Prompt
Nothing but the lines from the one containing "Французские открытки, в" through the last line of the records belongs in the answer, copied exactly and with the pictures left out.

Image-caption web data:
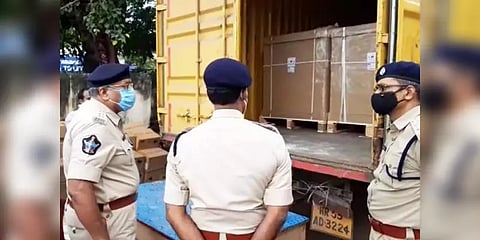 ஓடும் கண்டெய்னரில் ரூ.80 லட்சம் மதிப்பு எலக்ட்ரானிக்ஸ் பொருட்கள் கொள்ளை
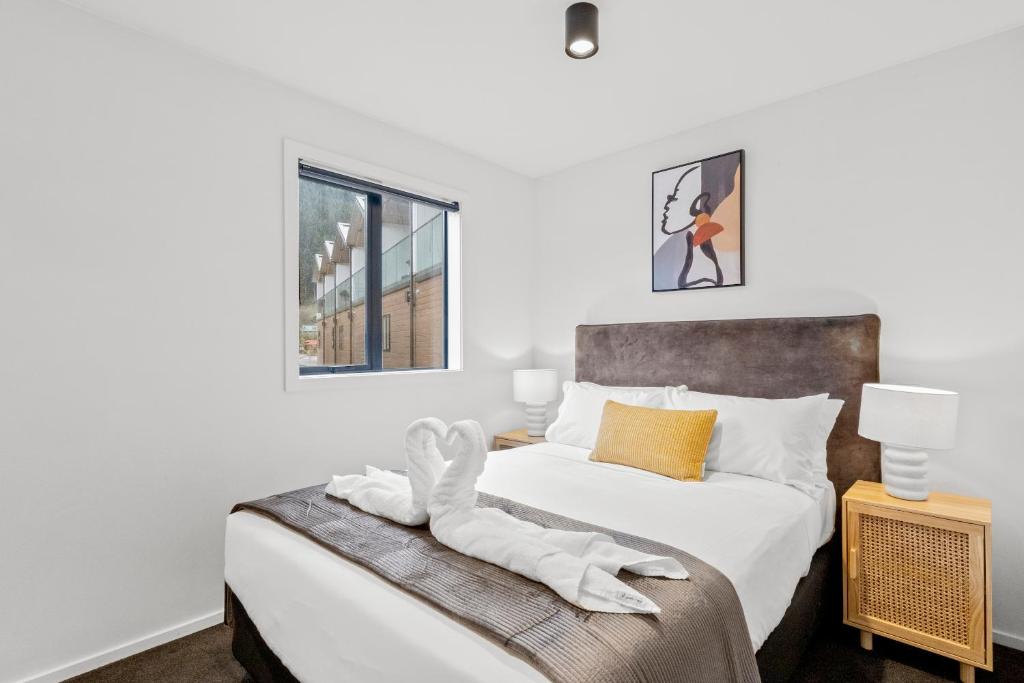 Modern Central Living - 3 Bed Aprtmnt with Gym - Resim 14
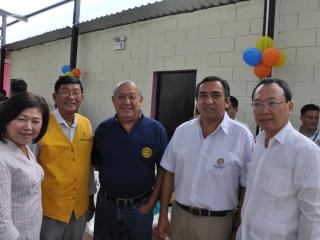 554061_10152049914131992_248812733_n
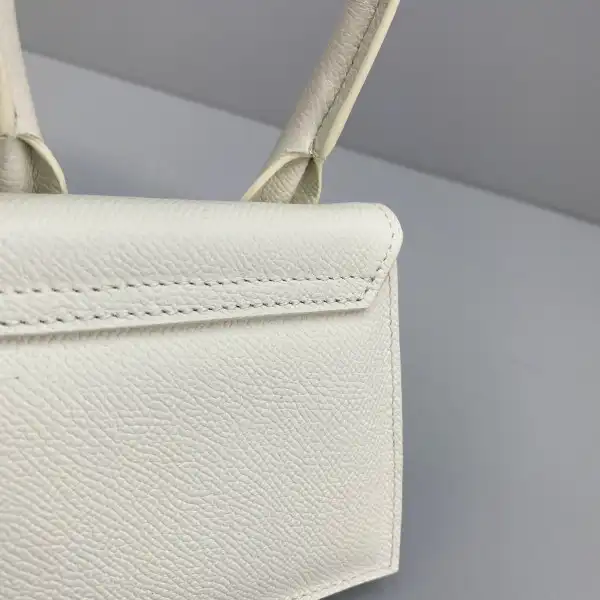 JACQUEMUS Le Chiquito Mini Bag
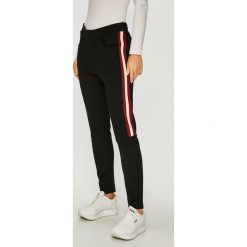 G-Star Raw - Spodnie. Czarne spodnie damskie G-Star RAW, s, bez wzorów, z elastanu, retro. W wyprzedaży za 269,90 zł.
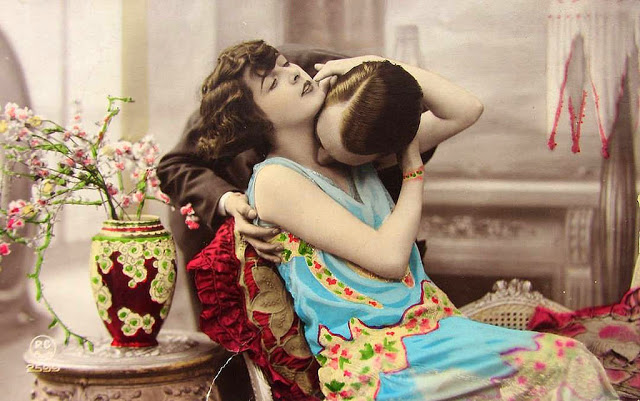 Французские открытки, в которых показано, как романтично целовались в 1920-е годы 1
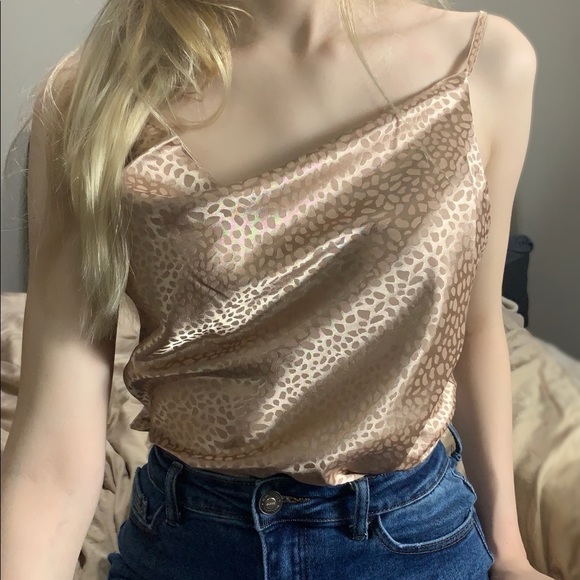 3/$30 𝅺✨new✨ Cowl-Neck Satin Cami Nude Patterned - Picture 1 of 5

Task answer
 Французские открытки, в которых показано, как романтично целовались в 1920-е годы 1
 3/$30 𝅺✨new✨ Cowl-Neck Satin Cami Nude Patterned - Picture 1 of 5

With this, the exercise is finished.